Raphael, with Dean Dato Associate Prof Dr Johan Shamsuddin bin Haji Sabaruddin and the UM Jessup 2019 Team (Top 16)
So what inspired his change in career pathways, from a legal practitioner to corporate counsel to academician? He believes that life is a process of exploration, education, and enlightenment. For now, he sees himself being somewhere between the first two stages, still learning and growing. However, he is quick to point out that his life trajectory is far from normal, and definitely not for the risk-adverse and faint-hearted. “To some, I am like the Joker: an agent of chaos, a man without a plan, a dog chasing cars,” he chuckled. “I totally understand why my devil-may-care YOLO attitude raises eyebrows. My life lacks stability and security. It takes a special type of boldness — and perhaps insanity — to strike down the many different pathways as I have.”

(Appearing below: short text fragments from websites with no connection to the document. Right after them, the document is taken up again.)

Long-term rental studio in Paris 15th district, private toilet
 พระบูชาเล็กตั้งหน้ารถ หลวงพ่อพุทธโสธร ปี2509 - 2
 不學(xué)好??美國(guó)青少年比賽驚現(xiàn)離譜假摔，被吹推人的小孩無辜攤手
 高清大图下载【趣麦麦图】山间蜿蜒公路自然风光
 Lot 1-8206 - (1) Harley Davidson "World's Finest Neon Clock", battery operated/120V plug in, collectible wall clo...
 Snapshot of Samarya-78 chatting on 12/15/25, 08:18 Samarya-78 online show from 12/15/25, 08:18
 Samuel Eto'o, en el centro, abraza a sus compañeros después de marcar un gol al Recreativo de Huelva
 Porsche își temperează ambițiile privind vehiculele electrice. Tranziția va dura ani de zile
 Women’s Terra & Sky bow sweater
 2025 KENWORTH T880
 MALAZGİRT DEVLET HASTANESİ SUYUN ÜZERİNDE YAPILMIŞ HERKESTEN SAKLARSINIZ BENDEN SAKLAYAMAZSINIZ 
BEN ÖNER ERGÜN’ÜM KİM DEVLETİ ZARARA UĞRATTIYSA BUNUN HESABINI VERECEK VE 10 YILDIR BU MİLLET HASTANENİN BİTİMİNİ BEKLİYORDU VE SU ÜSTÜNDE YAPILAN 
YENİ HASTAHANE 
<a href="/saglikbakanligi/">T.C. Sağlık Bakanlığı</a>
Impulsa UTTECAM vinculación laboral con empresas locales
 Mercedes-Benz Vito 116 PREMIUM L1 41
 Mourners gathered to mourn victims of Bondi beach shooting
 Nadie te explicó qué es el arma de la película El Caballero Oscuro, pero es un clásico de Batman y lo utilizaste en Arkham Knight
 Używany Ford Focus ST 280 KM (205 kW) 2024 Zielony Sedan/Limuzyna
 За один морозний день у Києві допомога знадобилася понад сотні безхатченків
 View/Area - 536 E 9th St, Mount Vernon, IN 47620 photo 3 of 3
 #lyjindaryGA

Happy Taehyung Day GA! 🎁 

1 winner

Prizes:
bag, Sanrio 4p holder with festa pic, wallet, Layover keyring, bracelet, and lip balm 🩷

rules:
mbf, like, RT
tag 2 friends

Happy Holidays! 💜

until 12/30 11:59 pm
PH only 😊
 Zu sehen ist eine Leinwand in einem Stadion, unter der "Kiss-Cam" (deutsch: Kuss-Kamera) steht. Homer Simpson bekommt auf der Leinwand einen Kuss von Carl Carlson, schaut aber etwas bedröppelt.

Raphael and the UM IMLAM 2018 Team (Top 4)
As the Master Yoda to the brightest of faculty mooters, it is only fitting that we ask for his advice, particularly for students who are planning to embark on their mooting journey. “In the words of the late Steve Jobs: ‘Stay hungry, stay foolish’. Never think that you are good enough, always keep pushing yourself.”
So what does he consider as the main weakness in mooters? “Ego,” he answered. “Ego makes people complacent. Ego blinds them from their flaws. Ego scares them from taking on new challenges. Great mooters are unafraid of failure, quick to correct their mistakes, and always come back stronger after a hard fall.” To aspiring novice mooters, he further advises: “Start mooting early. Don’t lose spirit if you struggle to keep up with your more talented peers. Mooting is a marathon, not a sprint. Keep running, no matter how far behind or ahead you are. The hardest part is taking the first few steps. As a wise butler once said to Bruce Wayne: ‘It’s always darkest before dawn’.”
Raphael and the UM LAWASIA 2018 Team (International Champion)
Additionally, when asked about his plans for the future, he revealed how he is not much of a planner, quoting John Lennon, “Life is what happens while you’re busy making plans”. Some goals may lose relevance over time, or better goals may emerge from new unexpected opportunities. “To paraphrase from a wise Jedi master, we should always be mindful of the future, but not at the expense of the moment,” he quipped, yet again, from his seemingly bottomless bag of pop-culture authorities. For now, his immediate focus is education. “What I’ll be doing in the next five or ten years – I honestly can’t say, because I don’t know myself,” he added. “Who knows? I may still have time to be a space pilot!”
As to what single word can aptly describe his life motto, he answered, “Ikigai”. A Japanese word with no direct English equivalent, ikigai roughly means “the reason of being”, or more poignantly: “the reason for which you wake up every morning”. Quite fittingly, Raphael’s closing remark not only offers deep insight into his life, but perhaps also our own lives.
“To have ikigai is to have a burning purpose in life so fiery that you reawaken every morning full of energy. Our ikigai can manifest in many forms — fighting your clients’ case in court, spending quality time with your family, or even tending to your Bonsai garden. Whether you are rich or poor, young or old, everyone can discover their ikigai. All it takes is honesty, and the courage not to succumb to societal pressure to chase vacuous materialistic goals like money, fame, and power. Every morning, I unfailingly wake up before 9am. Without an alarm. No matter how late I slept last night. Even on weekends. That is how excited I am to start a brand new day. That is how passionate I feel about life. Ikigai is the secret to my happiness – as well as yours.”